I'd demand a goddamn rebate on my tuition if I were you!!! That isn't presenting "both sides" of an argument, that's throwing dough at a lecturer who is a charletan. They may as well serve you toxic turkey tettrazini in the student cafeteria, and when you puke your guts out, call it a "science experiment" and absolve themselves of any responsibility. Shame on them for lowering their standards so profoundly!!!

Your letter is great, BTW. You seem to have wrung a decent education out of BC...but damn, at those prices, you should be able to so do without having to call out the administration on unadultuated pie-in-the-sky NONSENSE.

I'm stunned that they would pay that asshole, with YOUR money, to spout that shit under cover of "academic freedom." It's BAD SCIENCE, plain and simple. Bullshit is bullshit, and some viewpoints, like the notion that man and dinosaurs occupied the planet at the same time (Fred Flintstone notwithstanding) are pure bullshit.

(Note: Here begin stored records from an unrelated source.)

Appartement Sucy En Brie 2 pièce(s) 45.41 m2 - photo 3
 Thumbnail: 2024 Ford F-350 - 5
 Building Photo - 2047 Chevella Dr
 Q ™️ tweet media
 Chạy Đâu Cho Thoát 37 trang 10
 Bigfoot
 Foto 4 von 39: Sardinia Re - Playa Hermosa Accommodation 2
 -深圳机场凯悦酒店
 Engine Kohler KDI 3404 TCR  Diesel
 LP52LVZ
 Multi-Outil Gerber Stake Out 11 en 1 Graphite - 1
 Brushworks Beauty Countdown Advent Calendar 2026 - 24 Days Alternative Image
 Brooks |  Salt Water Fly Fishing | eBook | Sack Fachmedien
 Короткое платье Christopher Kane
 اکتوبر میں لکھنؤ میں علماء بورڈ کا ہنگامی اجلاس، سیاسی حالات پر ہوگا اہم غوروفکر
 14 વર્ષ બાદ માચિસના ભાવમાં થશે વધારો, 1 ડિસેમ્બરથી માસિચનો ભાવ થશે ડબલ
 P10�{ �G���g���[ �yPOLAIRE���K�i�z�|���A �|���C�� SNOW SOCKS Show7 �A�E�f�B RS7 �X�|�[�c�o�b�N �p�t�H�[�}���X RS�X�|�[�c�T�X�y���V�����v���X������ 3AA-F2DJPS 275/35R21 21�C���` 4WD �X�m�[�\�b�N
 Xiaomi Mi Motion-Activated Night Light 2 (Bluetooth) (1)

I hope the rest of your education wasn't this disappointing and moronic. It seems to me that a lot of the high end schools are doing a lot of this dumbshit, lately, and I put it down to the desire to make future right-leaning alumni (like the children of Tim Russert and Chris Matthews) comfortable so they'll give, give, give in their later years--the GOP influence is most disturbing.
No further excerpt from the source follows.